Todo esto, por tanto, nos indica una de las grandes debilidades de la revolución: no se puede asegurar la construcción de una sociedad de justicia y abundancia para todos si estamos en las manos de grandes empresas movidas sólo por el afán de lucro. Y en esto coinciden tanto capitalistas extranjeros como venezolanos. Ninguna clase capitalista, ninguna burguesía nacional es menos explotadora que otra foránea. El llamado a un empresariado patriótico hoy, siglo XXI, con una globalización feroz que ya dividió tajantemente el mundo en regiones según las planificaciones geoestratégicas de unas pocas potencias, es un imposible. En Venezuela, país ligado totalmente a los intereses de las clases dominantes de Estados Unidos y sus correspondientes políticas, hoy día ya no es posible construir opciones capitalistas independientes sustentables. El último proyecto de empresariado nacional relativamente autónomo, centrado en su propio mercado interno, que pudo desarrollarse con cierto éxito en América Latina fue el de Argentina en las primeras décadas del siglo XX. Pero ante los planes globalizadores que llegaron hacia fines de la década de los 70, esa burguesía terminó desapareciendo. Las revoluciones burguesas «modernizadoras» ya finalizaron. Ahora, lo único que puede mejorar la situación de las masas marginadas son alternativas no-capitalistas. Por otro lado, el capital no tiene patria. Incluso en Estados Unidos esto es evidente: sus grandes corporaciones prefieren invertir en los puntos donde las condiciones permiten las mayores tasas de ganancia (cualquier lugar del Sur, China, India), aún a costa de sacrificar parte de su propio mercado interno dejando en la calle a trabajadores compatriotas. La apelación a nacionalismos parece que no le importa mucho al capital. Las frías leyes de la ganancia no tienen sentimientos patrióticos.

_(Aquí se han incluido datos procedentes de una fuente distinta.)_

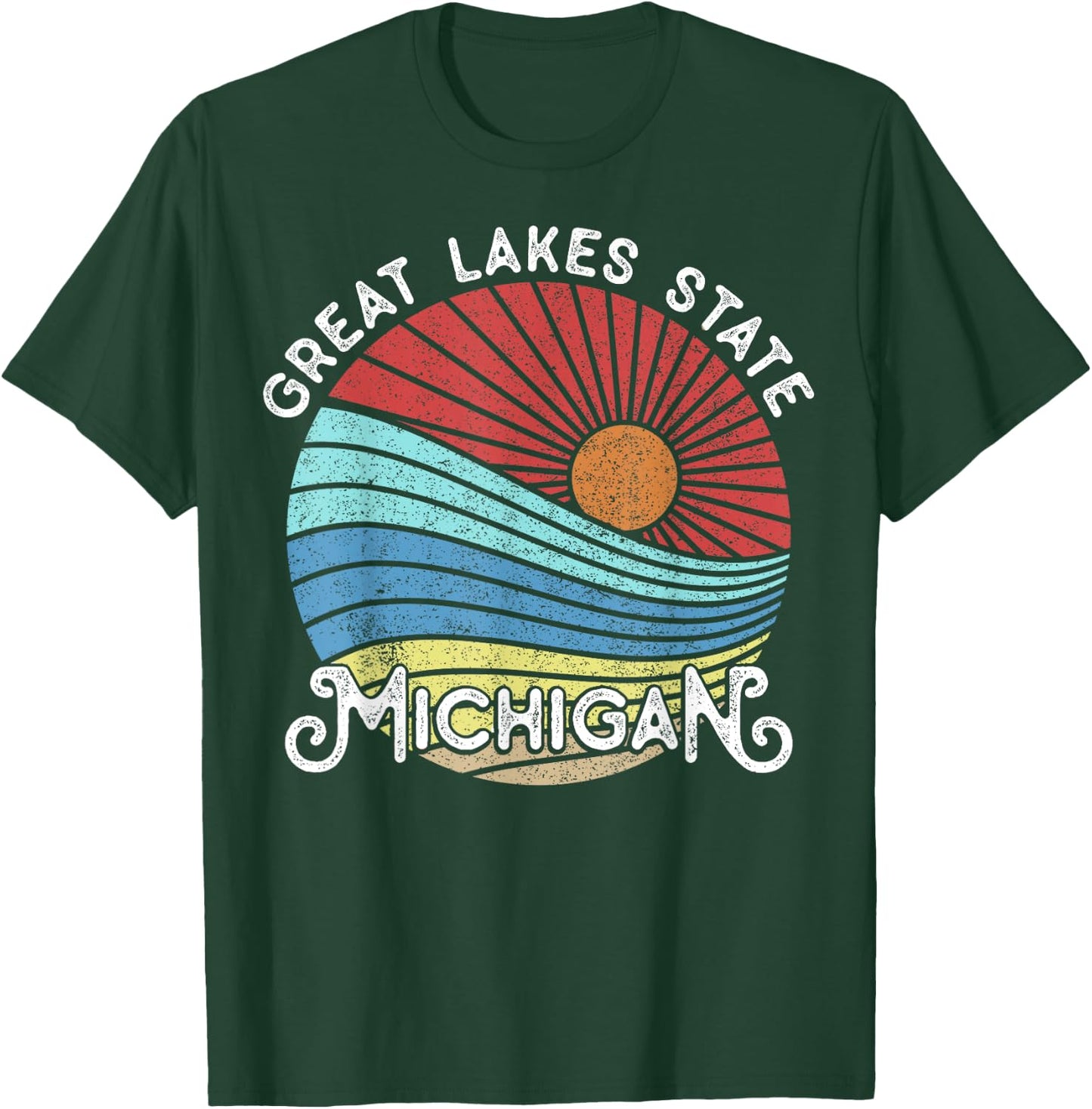Great Lakes State Michigan Yooper Michiganian Vacation T-Shirt - T-Shirt | Forest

Una economía de puertos asentada en la renta generada por el petróleo (que alguna vez se va a terminar, por otro lado) que se permite comprar todo en el extranjero, es un suicidio como nación. Definitivamente la revolución está dando pasos de gigante en la búsqueda de la autosuficiencia alimentaria (restando muchos rubros aún por ser encarados también apuntando a la finalización de las importaciones); pero mientras siga chantajeada por los grandes capitales privados contrarrevolucionarios como sucede ahora, seguirá en estado precario sin poder proveer calidad de vida adecuada a la población. Lo cual es una bomba de tiempo. El presidente Chávez propone perspectivas socialistas heroicas (terminar el problema habitacional, por ejemplo, o mejoras en las condiciones laborales de los trabajadores), pero el mantenimiento de una economía capitalista no lo permite.

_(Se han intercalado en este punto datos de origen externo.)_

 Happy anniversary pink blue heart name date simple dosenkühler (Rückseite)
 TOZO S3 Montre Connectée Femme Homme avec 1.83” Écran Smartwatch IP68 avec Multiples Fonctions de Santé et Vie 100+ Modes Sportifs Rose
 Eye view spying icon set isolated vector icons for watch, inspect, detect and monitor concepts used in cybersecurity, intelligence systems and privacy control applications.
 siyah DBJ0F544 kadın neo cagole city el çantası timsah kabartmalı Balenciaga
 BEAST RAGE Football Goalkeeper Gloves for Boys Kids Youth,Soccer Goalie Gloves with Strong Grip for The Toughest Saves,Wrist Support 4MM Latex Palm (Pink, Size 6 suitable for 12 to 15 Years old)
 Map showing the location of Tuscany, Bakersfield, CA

Paralelamente a esta situación de la economía real persiste otro fenómeno, ligado profundamente a ello: se hace un llamado -vehemente en un sentido, y por cierto heroico, desde una profunda convicción ética- a construir un nuevo modelo social, a nuevos valores culturales, a poner en marcha el mundo socialista. Pero al convivir todo eso con el más descarnado capitalismo, con valores consumistas muy acentuados por las décadas de cultura rentista que vivió el país, orgulloso aún de las Miss Universo y de las toneladas de implantes de silicona que circulan por ahí, se producen cortocircuitos insolubles. Socialismo del siglo XXI conviviendo con el que se anuncia -no sin jactancia- como el centro comercial más grande de Latinoamérica… Una vez más: ¿cómo compatibilizar dos lógicas que son incompatibles?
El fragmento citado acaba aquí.